The submission to the jury of the issue of punitive damages, then, was unwarranted.
II.
Dan River next contends that the trial court erred in admitting in evidence a vial of sample material and a DHEC report containing an analysis of the sample material.
Dan River states in its exceptions that the sample material and the report based upon the sample material were irrelevant because “it was not sufficiently proven that the sample material was representative of the effluents allegedly deposited on the ... respondent’s properties] by [Dan River]” and because the respondents failed to establish a complete chain of evidence of the sample material prior to its analysis by DHEC.
Dan River’s first ground of objection goes to the weight of the evidence and not to its admissibility. Moreover, the representative character of the sample material was established since testimony showed that it consisted of a substance collected on the same day off the surface of two different vehicles, one belonging to the Tants and the other to the Duboses. Chemical analysis indicated the sample material matched a fly ash sample subsequently collected at Dan River’s plant.

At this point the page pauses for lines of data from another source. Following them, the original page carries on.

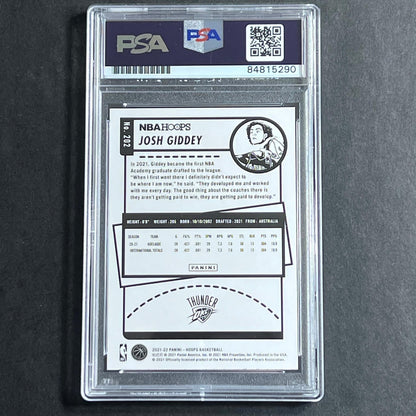 2021-22 NBA Hoops #202 Josh Giddey Signed Card PSA Slabbed RC Thunder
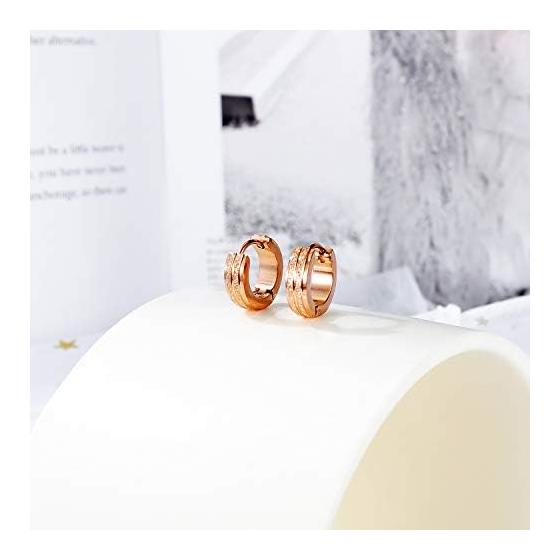 Rockyu Earrings, Women's, Adults, Pink Gold, Titanium Ring Earrings, Simple Design, Hoop Earrings, Hypoallergenic To Metal, 18K Earrings, Binaural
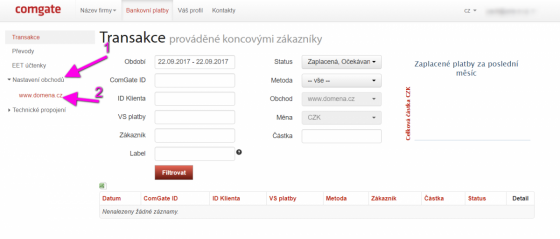 Nastavení platební brány ComGate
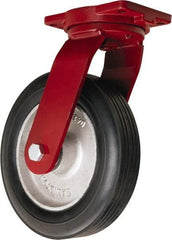 Hamilton - 12" Diam x 2-3/4" Wide, Rubber Swivel Caster - 800 Lb Capacity, Top Plate Mount, 6-1/8" x 7-1/2" Plate, Straight Roller Bearing - Americas Industrial Supply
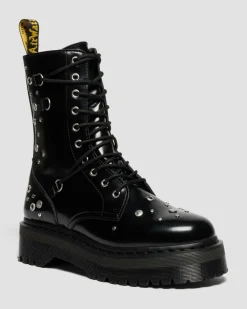 Dr. Martens Last Chance Styles|Last Chance Styles*JADON HI STUDDED BUTTERO LEATHER PLATFORM BOOTS in Black Buttero BLACK BUTTERO — Buttero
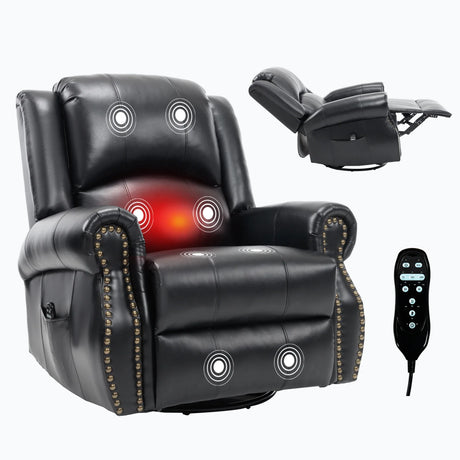 Heat Massage Faux Leather Swivel Rocking Recliner Chair - Omega Lifestyles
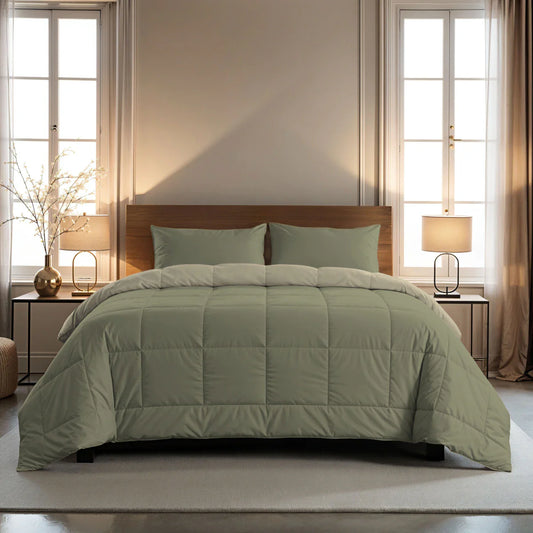 Zelesta Pure Duo Cotton Couette - Gris-vert & Gris-vert doux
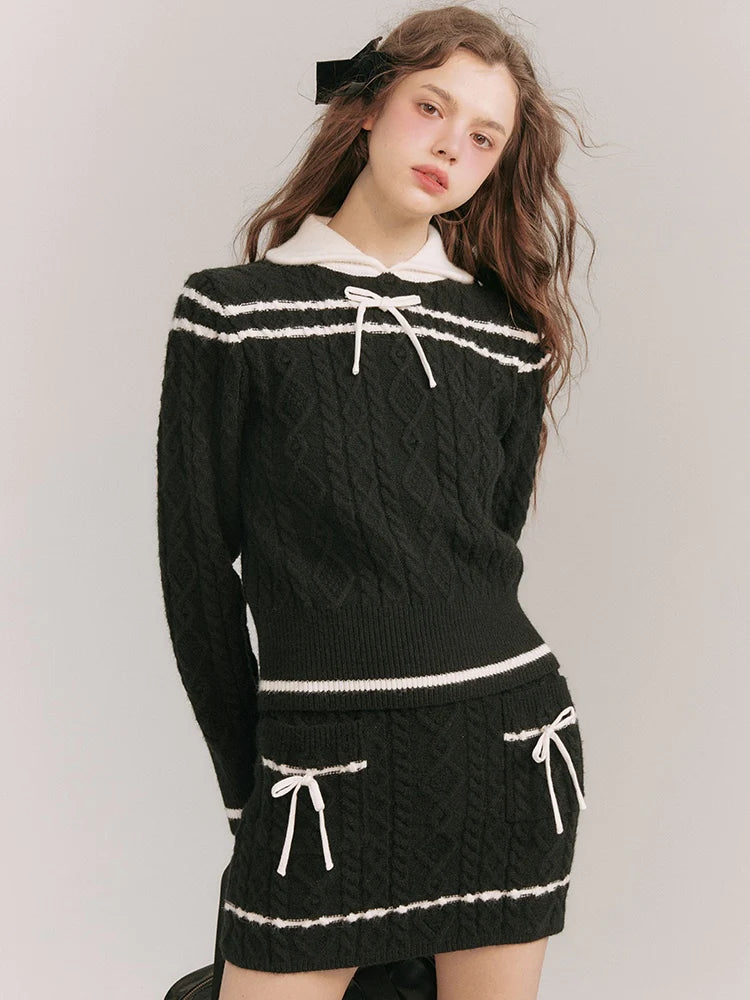 Cable Knitted Contrast Color Sweater & Skirt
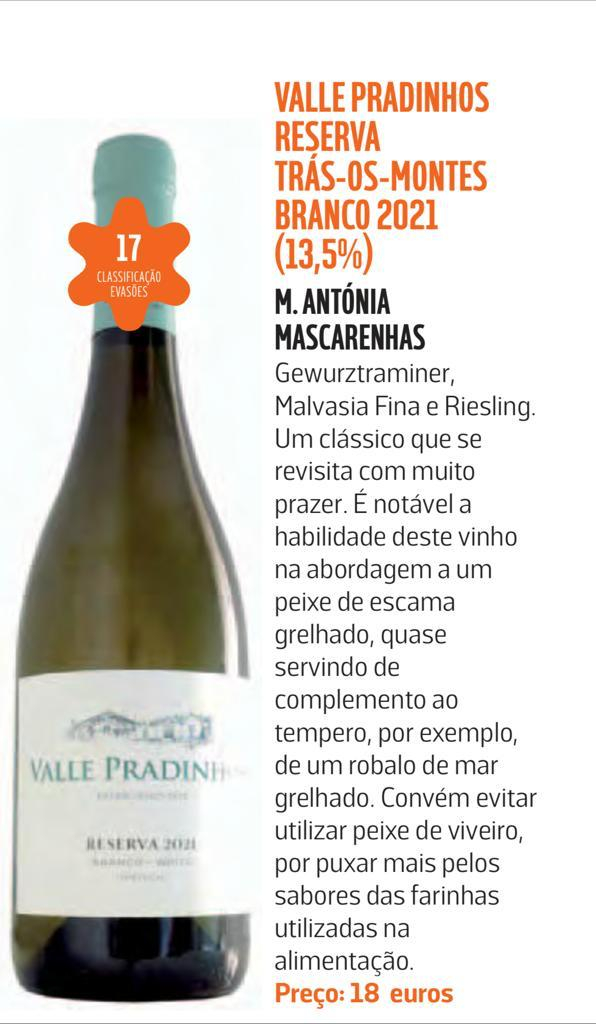 Valle Pradinhos Reserva Trás-os-Montes branco 2021 (13,5%). Revista Evasões | Fernando Melo | 01/10/2022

At any rate, the question of whether the sample material was relevant rested largely within the discretion of the trial judge. See Ward v. Liberty Life Ins. Co., 232 S. C. 582, 103 S. E. (2d) 48 (1958); Neal v. Clark, 199 S. C. 316, 19 S. E. (2d) 473 (1942). Clearly, the sample material was relevant. It legally tended “to prove, or make more *146or less probable some matter in issue.” Gause v. Livingston, 251 S. C. 8, 13, 159 S. E. (2d) 604, 607 (1968). In this instance, a “matter in issue” was whether a discharge from Dan River’s plant fell on the respondents’ homes and motor vehicles.

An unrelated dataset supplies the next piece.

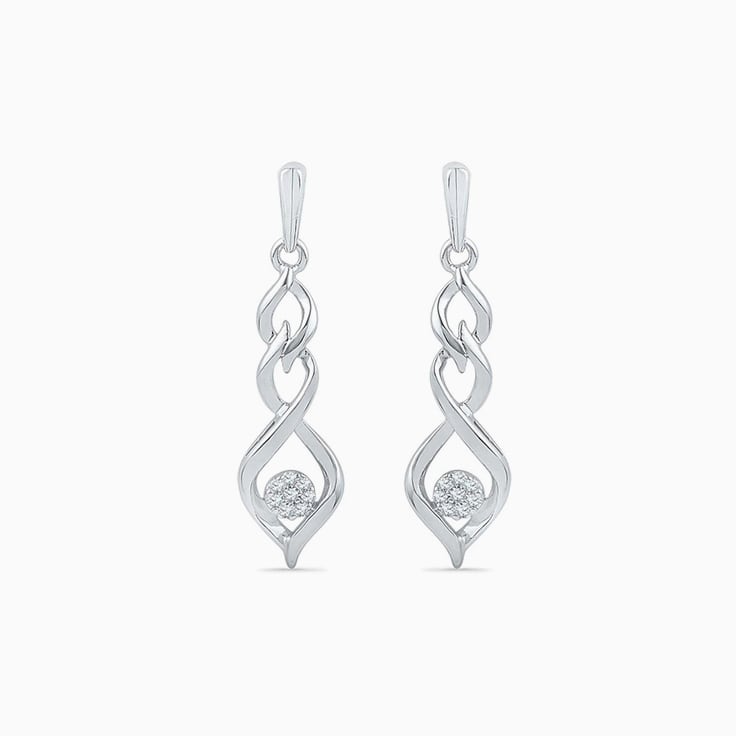 Twisted Dangle Diamond Earring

As to the chain of evidence argument, we recognize that the party offering a specimen is required to establish, as least as far as practicable, a complete chain of evidence from the time the specimen is first acquired until it is taken to the final custodian by whom the specimen is analyzed. Benton v. Pellum, 232 S. C. 26, 100 S. E. (2d) 534 (1957). Proof, however, “need not negate all possibility of tampering” and “[w]here the substance analyzed has passed through several hands the evidence must not leave it to conjecture as to who had it and what was done with it between the taking and the analysis.” Id. at 33-34, 100 S. E. (2d) at 537.

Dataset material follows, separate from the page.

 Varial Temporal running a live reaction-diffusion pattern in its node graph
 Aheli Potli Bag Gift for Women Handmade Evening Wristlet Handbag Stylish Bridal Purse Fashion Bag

In this instance, the testimony completely established the chain of evidence from the time the sample material was collected until it reached the DHEC laboratory. The vial containing the sample material was identified by the party who supervised the substance’s collection and by the laboratory technician at DHEC who ultimately received and analyzed it. Those who had custody of the sample material between the time it was collected and the time it was analyzed also testified. No evidence was presented to suggest the vial was tampered with.
The trial judge, therefore, did not abuse his discretion in admitting in evidence the vial containing the sample material and the report from DHEC.
Affirmed in part and reversed in part.
Cureton, J., concurs, and Gardner, J., dissents.